“John, I will give you DC abortion. I am not happy about it.”
Those words, uttered by President Barack Obama during a meeting with speaker of the House John Boehner, may have averted a shutdown of the federal government late last week, but they did so at the expense of the 600,000 residents of the district of Columbia.
As part of the deal hatched between Obama and Boehner, a controversial proposal to defund Planned Parenthood’s preventive services was taken off the table in budget negotiations, but what remained was a prohibition on the use of the district’s local funds for abortions.
The DC abortion funding ban itself is not new—it was lifted by Congressional Democrats in 2009, adding the district to the list of just twenty-seven states that permit locally raised funds to be spent on abortion care—but its re-emergence is a stark reminder that district residents are still not treated as equal participants in American democracy.
Because of the district’s long-standing status as something of a federal colony, Congress has always reserved the right to govern over local affairs. Though the district gained an elected mayor and city council in 1973, final approval on all legislative and budgetary matters resides with Congress.
If local legislators pass a law, Congress gets to review it for thirty or sixty days; every annual city budget is similarly sent to the Hill, where members of Congress of either party can tinker as much as they see fit.
And tinker they have, mostly on social issues where they can score easy points with advocacy groups without having to worry about being penalized by their own constituents.
In 1998, district residents overwhelmingly voted for a proposed medical marijuana program, but Congressional opponents prohibited city officials from implementing the law. (The charge was led by Georgia Republican Bob Barr, who in 2007 had a change of heart and became a staunch critic of federal drug policies.) That same year, Congress also stopped the district from using local funds for needle-exchange programs—which are vital in a city with an HIV/AIDS rate rivaling that of some African countries.

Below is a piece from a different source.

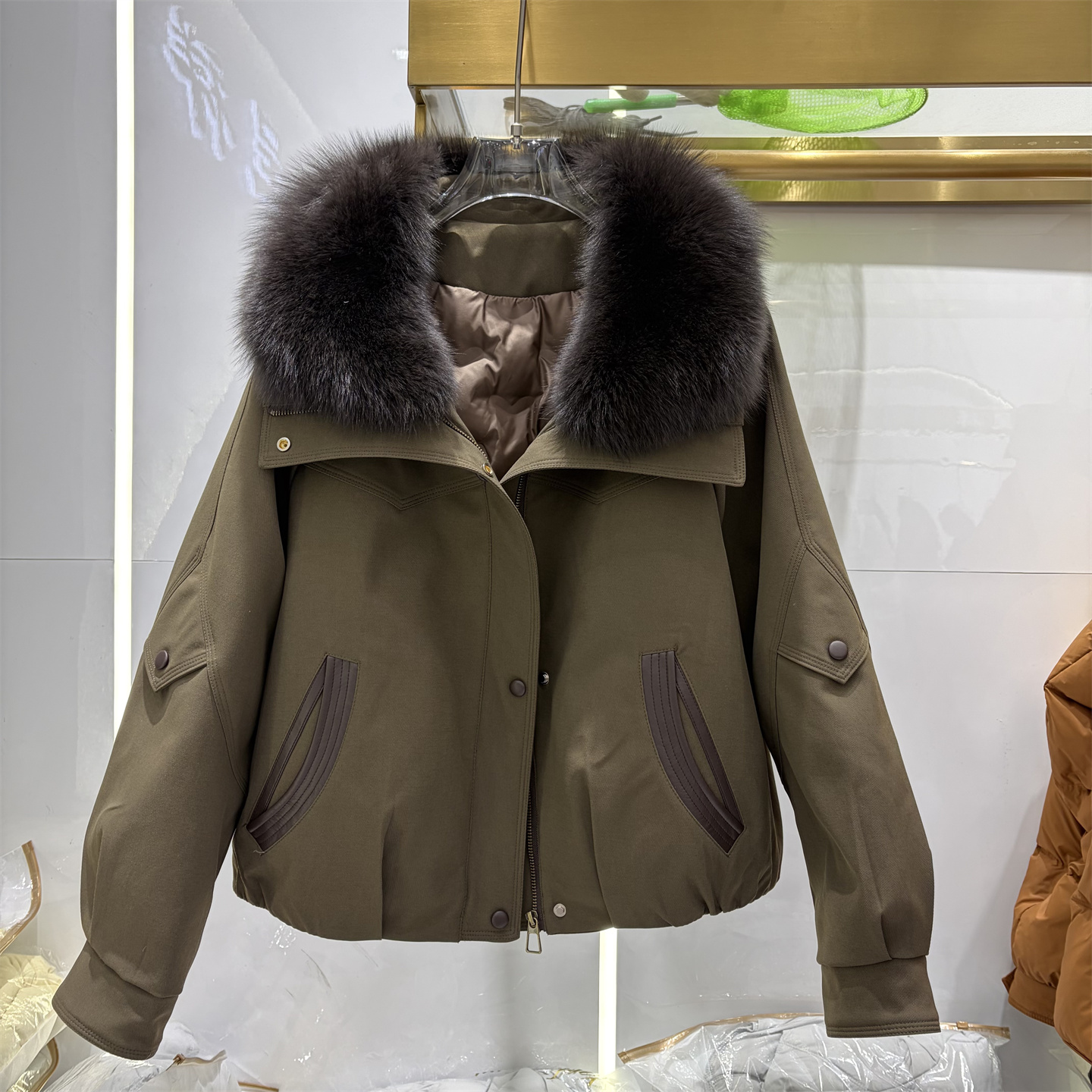 2025新款军绿色麂皮绒大毛领鹅绒羽绒服女短款加厚保暖派克服外套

Republicans have made it an annual ritual to introduce legislation that would not only gut the district’s existing gun laws but also forbid members of the DC Council from ever imposing new ones. And when same-sex marriage became legal in 2010, conservative Republicans repeatedly threatened to introduce legislation that would force the district to put the issue to a divisive public vote.
The examples are as numerous as they can be comical—in 2005, Rep. Henry Bonilla (R-TX) proposed that a long stretch of 16th Street cutting through the heavily Democratic district be renamed “Ronald Reagan Boulevard” and then-Senator Sam Brownback (R-Kansas) pitched using the city as a “laboratory” for a flat-tax scheme.
From 2002 to 2008, Congress even forbade the district from using its own money to advocate for voting rights, statehood or expanded legislative and budgetary autonomy.
During the recent Democratic majority, those prohibitions on needle-exchange programs, abortion, funding for DC voting rights advocacy, and medical marijuana were lifted, allowing local officials a measure of flexibility in governing according to the needs of residents. Funding to needle-exchange providers resumed, and the long-overdue medical marijuana program began to take shape. (It’s due to kick off this year.) Even marriage equality looked safe.